• [GIVEN INFORMATION]:
>>>
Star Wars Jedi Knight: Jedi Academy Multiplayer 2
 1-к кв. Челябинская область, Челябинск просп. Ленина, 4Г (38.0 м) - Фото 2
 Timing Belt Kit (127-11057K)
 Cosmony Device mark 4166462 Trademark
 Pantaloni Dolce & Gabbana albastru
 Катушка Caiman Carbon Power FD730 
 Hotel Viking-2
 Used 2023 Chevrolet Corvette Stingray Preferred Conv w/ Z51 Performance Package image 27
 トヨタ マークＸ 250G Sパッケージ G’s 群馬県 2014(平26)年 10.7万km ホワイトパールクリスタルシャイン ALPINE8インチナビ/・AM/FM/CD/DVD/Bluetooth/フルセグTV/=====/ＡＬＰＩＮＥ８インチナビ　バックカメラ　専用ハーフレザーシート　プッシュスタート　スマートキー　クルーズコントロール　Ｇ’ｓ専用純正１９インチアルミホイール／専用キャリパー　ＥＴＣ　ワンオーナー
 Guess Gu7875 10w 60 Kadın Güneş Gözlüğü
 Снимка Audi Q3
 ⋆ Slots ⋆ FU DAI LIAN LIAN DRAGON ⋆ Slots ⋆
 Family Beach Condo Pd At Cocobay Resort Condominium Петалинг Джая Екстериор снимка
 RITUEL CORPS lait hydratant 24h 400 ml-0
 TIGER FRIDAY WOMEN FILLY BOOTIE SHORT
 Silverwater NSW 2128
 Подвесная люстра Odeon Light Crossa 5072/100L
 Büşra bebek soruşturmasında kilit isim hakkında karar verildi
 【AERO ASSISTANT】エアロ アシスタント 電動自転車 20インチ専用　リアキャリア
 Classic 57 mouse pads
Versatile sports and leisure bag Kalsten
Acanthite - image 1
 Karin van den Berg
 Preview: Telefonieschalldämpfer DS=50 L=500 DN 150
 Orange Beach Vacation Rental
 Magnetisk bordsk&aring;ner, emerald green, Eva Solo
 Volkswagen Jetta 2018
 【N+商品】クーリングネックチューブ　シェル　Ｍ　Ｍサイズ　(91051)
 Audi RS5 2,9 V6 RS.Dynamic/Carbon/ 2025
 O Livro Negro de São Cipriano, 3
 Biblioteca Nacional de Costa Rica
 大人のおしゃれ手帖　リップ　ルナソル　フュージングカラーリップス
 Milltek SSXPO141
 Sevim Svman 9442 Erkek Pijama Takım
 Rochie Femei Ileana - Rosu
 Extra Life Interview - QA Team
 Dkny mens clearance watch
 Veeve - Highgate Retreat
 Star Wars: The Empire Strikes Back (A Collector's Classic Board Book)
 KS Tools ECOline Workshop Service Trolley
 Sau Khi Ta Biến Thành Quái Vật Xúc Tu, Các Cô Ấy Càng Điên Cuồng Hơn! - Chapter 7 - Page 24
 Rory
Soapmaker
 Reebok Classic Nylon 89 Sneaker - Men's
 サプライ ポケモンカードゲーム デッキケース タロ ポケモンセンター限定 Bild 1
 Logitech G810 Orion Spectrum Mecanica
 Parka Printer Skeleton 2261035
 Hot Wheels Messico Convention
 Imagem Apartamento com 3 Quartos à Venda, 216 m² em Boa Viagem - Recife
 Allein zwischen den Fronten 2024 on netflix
<<<
• [TASK REQUIREMENTS]:
Each line of the material with the word "Wars" in it should be listed.

• [RESULT FOR THIS TASK]:
Star Wars Jedi Knight: Jedi Academy Multiplayer 2
 Star Wars: The Empire Strikes Back (A Collector's Classic Board Book)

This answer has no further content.